Born on March 2, 1912 in Salé, Morroco, a few weeks before the signing of the Treaty of Fez which established French protectorate control over the country, Said Hajji was called upon at a very early age to nurture patriotic aspirations that compelled him to do all he could to liberate his homeland from foreign occupation.

As a member of a patriotic family, he knew he was undertaking a sacred mission following in the footsteps of a family lineage stretching all the way back to his forbearer Sidi Ahmad Hajji. The latter was a great warrior who settled in Sale at the end of the 17th century after liberating Mehdia from Spanish occupation and delivering the city keys to Sultan Moulay Ismael.

Said's nationalism was manifested at age 16 via journalism, the only means at his disposal to denounce and refute the prevailing colonial hegemony. But because of the lack of an established communication media in Arabic to facilitate the propagation of thought and opinion, Said founded his own fully handwritten newspaper and made hundreds of copies that he distributed to all the main cities in Morocco. It was through his newspaper, titled "Al Widad" that he was able to give free reign to his will to express and share his views with his readers on a Morocco he envisioned as a free country, open to progress and open to the modern world.

However it was not until the early 1930s that Said Hajji put himself in the front lines of national politics by participating in the movement to reject the Berber Dahir promulgated on May 16, 1930. The Dahir imposed a strict legal separation between the Arab Muslim community and the indigenous Berber tribes by submitting the latter to a unique judicial code based on customary law and excluded all references to the principles of Islamic law.

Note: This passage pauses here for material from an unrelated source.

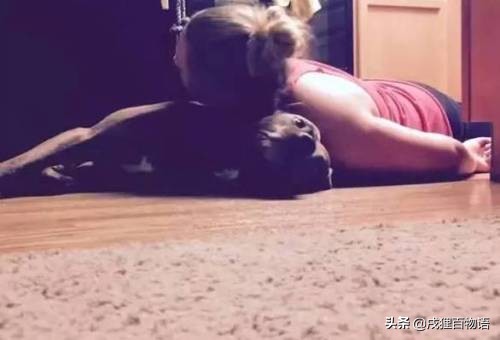 惊！狗狗真的可以“治病”，这类辅助犬做到了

This fiercely hostile decree imposed by the French Protectorate administration on the Berber community, led him to postpone his planned departure from the homeland at a time when he was readying himself to go to the Middle East to pursue his studies of higher learning.

When this measure was finally revoked in November of the same year, Said embarked on a journey to Beirut, Nablus and finally Damascus, transforming his living quarters in each city into a public relations bureau advocating the Moroccan cause. He proceeded to distribute detailed reports regularly to the leading press agencies of the region exposing the misdeeds of French colonialism in Morocco.

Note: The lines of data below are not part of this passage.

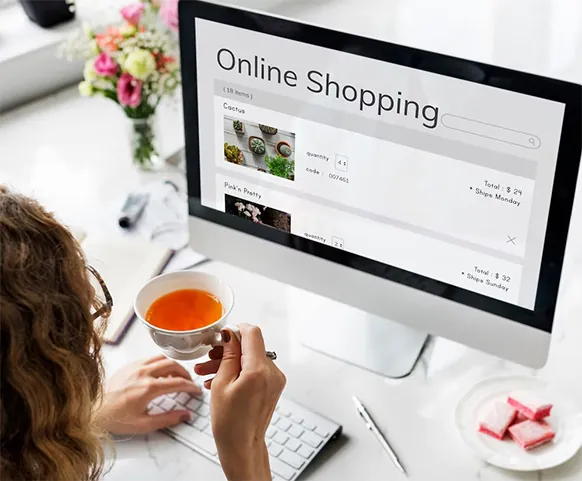 Magento Website Development Services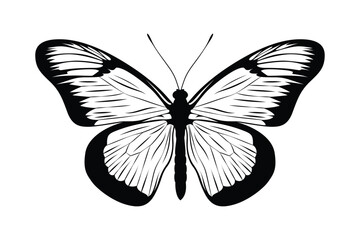 Black monochrome Butterfly Silhouettes Vector art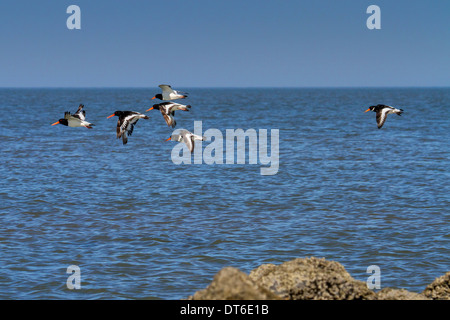 Eurasischen Austernfischer / gemeinsame Pied Austernfischer (Haematopus Ostralegus) Herde fliegen über dem Wasser entlang der Nordseeküste Stockfoto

In 1933 he was requested to join a chartered committee to develop an official report on all social grievances requiring immediate reform to meet Morocco's needs in order to elevate it to the rank of a nation worthy of its past history and fully in command of its political destiny.

In as much as he was the initiator of a significant portion of the grievances in the claims report drawn by the National Movement that was presented to His Majesty the Sultan as well as to the French government and to the French Resident General in Morocco, Said Hajji could hence be considered a true helmsman in the anticolonial struggle. In particular he was one of the first to have claimed on behalf of Moroccans the right to exercise the code of civil liberties especially with respect to the freedom of the press, free speech and the right to organize. These were either were nonexistent or totally scoffed at by the authorities..

Upon his return to Morocco in 1935, he immediately took his place amongst the leaders of the National Movement. He participated in all policy meetings of the movement, voiced his views in major reunions on politics and culture, and chaired conferences as well as thematic discussions on the diverse aspects of social life in Morocco. At the same time he also furnished a number of critical writings, philosophical essays and socio-politically inspired articles to Arabic magazines in Tangiers and the northern zone which was under guardianship of Spain.

During this same year, he filed a request for authorization to proceed in the editing of a publication titled "Marrakech". He explicitly specified that it would be exclusively dedicated to cultural events, emphasizing literary and artistic contributions. However this request was rejected without any due cause. Said Hajji, as project director, took the initiative to respond by sending the French Resident General at Rabat a letter of protest in which he vigorously expressed his regrets noting that France, a country based on the codes of Human Rights and Civil Liberties, tended to forget the most basic principles of tolerance and the respect of its own republican traditions for those under its protectorate.

In 1936, the leaders of the National Movement once again called on his services in the fight to implement civil liberties. Said participated in the workings of a chartered committee charged with entering in a dialogue with the French authorities of the protectorate on the implementation of the demands formulated in the claims report, and in particular those demands relative to the freedom of the press.

But faced with the intransigence of the "Bureau for Indigenous Affairs", the newly organized committee proceeded to criticize the authorities in a detailed document addressed to the Moroccan people. This communiqué provided a review of all the steps taken in attempt to implement in Morocco a code of civil liberties as well as the many roadblocks and uncompromising positions taken by the authorities.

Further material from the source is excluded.